DRI Capital is nearing its $1 billion target for the firm’s third drug royalties fund, which will likely be oversubscribed, according to a person with knowledge of the firm.
Toronto-based DRI launched Fund III in mid-2012 and had raised close to $850 million by February. The firm invests in royalty streams of pharmaceutical drugs that have been in the market for certain periods of time and are essential to keeping people alive. DRI works to build a diversified portfolio of different royalty streams and can use leverage to monetise a portion of the future royalty payments and distribute the cash to LPs.
Fund III is charging a 1.75 percent management fee on committed capital and an 8 percent preferred return, according to documents from the San Diego County Employees’ Retirement Association, which committed $60 million to the fund last October.
DRI Capital was not immediately available at press time. Atlantic-Pacific Capital is working as global placement agent on the fund.
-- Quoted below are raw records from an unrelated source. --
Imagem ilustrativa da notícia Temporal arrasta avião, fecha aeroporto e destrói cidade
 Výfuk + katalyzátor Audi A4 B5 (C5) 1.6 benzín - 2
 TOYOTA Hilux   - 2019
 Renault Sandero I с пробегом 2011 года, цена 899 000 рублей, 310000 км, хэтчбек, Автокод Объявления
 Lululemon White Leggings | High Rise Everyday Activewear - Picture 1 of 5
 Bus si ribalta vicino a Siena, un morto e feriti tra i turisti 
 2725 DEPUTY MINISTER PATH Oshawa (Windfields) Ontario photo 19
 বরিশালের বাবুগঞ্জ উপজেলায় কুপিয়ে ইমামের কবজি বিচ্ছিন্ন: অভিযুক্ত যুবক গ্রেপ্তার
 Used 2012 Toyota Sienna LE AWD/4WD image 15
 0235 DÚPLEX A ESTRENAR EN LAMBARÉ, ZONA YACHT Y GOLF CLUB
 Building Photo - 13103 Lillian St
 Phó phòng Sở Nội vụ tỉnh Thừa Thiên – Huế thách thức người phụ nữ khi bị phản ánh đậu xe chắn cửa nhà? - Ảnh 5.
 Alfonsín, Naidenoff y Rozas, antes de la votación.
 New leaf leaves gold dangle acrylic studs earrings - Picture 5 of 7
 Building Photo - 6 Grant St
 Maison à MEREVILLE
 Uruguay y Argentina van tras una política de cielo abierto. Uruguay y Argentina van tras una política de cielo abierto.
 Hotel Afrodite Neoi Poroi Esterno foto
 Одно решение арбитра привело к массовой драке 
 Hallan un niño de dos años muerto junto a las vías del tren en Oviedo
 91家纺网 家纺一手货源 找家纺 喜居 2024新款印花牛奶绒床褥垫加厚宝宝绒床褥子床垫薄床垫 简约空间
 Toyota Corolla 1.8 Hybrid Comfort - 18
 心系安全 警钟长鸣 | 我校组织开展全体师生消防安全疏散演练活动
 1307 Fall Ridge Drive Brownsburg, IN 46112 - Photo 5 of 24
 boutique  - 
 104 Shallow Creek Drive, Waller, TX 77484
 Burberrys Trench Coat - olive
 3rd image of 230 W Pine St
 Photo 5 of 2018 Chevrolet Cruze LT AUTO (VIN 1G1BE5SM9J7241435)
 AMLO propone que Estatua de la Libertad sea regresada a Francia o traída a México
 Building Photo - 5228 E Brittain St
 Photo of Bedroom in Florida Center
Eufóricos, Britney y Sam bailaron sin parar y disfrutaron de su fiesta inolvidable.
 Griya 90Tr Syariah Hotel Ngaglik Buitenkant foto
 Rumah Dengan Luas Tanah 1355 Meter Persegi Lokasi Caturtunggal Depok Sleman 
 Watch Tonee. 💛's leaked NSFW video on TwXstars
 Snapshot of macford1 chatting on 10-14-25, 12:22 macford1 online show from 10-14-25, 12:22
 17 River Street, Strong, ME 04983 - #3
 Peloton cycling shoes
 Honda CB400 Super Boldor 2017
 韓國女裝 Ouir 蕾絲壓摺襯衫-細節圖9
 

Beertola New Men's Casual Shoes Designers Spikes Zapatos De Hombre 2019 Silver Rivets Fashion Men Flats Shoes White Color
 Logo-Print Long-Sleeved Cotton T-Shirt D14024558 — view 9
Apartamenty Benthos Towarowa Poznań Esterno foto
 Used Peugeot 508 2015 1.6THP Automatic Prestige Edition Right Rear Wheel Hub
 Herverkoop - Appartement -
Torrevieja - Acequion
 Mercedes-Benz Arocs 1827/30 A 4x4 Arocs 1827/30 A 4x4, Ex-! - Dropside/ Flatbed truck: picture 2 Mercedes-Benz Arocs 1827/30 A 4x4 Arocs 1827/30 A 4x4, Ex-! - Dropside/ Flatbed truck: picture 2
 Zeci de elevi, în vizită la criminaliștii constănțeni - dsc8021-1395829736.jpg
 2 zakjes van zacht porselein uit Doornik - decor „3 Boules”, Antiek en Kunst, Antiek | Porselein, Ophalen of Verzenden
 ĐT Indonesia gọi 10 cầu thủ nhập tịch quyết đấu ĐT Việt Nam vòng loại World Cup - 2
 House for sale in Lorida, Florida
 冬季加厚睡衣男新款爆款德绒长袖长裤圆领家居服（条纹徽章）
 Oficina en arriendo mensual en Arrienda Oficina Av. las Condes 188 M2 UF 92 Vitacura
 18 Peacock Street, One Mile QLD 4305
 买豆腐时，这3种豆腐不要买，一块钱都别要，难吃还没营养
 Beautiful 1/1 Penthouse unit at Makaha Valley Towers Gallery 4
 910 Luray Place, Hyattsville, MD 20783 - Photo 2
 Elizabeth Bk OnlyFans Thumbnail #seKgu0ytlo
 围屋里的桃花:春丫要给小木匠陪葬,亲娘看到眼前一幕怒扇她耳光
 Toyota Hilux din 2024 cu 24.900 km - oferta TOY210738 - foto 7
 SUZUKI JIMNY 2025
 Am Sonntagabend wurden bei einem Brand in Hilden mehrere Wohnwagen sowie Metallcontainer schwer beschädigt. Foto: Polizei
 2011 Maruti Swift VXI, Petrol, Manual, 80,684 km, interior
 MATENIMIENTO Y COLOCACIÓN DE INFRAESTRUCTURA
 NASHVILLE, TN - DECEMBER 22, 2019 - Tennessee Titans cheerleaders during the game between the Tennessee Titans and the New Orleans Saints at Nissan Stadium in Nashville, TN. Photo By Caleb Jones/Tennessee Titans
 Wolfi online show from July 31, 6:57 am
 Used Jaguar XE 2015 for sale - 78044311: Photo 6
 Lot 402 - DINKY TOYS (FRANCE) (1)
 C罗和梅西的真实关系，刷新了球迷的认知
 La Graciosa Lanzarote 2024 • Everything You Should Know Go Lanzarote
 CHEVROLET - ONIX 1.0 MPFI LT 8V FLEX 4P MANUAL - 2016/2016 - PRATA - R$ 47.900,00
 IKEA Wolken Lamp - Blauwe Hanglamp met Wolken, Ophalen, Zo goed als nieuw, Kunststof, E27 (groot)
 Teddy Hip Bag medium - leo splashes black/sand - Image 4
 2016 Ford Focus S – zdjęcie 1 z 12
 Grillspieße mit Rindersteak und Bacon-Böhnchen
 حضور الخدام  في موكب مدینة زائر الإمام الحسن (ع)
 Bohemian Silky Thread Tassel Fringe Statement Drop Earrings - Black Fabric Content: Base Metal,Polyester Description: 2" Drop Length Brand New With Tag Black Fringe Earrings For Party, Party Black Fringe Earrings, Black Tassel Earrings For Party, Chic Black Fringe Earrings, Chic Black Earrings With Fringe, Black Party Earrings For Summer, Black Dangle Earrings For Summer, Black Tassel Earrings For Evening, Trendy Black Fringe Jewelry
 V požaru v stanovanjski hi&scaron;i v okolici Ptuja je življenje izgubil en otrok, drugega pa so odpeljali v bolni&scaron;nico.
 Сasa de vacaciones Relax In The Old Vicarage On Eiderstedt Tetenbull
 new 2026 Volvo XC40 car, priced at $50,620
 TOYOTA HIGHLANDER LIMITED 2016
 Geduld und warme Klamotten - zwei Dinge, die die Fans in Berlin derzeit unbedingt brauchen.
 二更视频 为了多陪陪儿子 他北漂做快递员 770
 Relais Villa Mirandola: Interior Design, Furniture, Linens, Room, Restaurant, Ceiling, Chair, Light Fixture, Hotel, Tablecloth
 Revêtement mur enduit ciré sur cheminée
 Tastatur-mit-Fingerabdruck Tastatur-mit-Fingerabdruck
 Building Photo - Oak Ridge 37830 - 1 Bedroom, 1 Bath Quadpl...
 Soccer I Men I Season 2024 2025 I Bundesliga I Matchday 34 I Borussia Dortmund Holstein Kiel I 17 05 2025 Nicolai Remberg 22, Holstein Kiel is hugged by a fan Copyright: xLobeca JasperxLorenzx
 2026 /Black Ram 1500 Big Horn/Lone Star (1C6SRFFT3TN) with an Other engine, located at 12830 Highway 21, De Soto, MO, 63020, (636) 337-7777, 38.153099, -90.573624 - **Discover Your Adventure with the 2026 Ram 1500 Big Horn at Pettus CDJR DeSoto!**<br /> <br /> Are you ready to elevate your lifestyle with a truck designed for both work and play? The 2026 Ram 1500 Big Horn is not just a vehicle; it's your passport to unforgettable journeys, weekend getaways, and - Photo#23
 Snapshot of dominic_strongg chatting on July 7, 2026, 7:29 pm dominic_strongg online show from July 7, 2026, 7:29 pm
The firm’s Fund II collected $701 million in 2010. Limited partners in Fund II include the Louisiana State Employees’ Retirement System, the San Diego County Employees’ Retirement Association and the State of Wisconsin Investment Board, according to Private Equity International’s Research and Analytics division.
DRI’s first two funds have 40 royalty payment streams from 27 different patented drugs approved by the US Food and Drug Administration or similar government bodies, according to SDCERA documents.
Canadian private investment firm Inwest Investments took the former Drug Royalty Corporation private in 2002 and turned it into DRI Capital. The firm has approximately $2 billion of assets under management.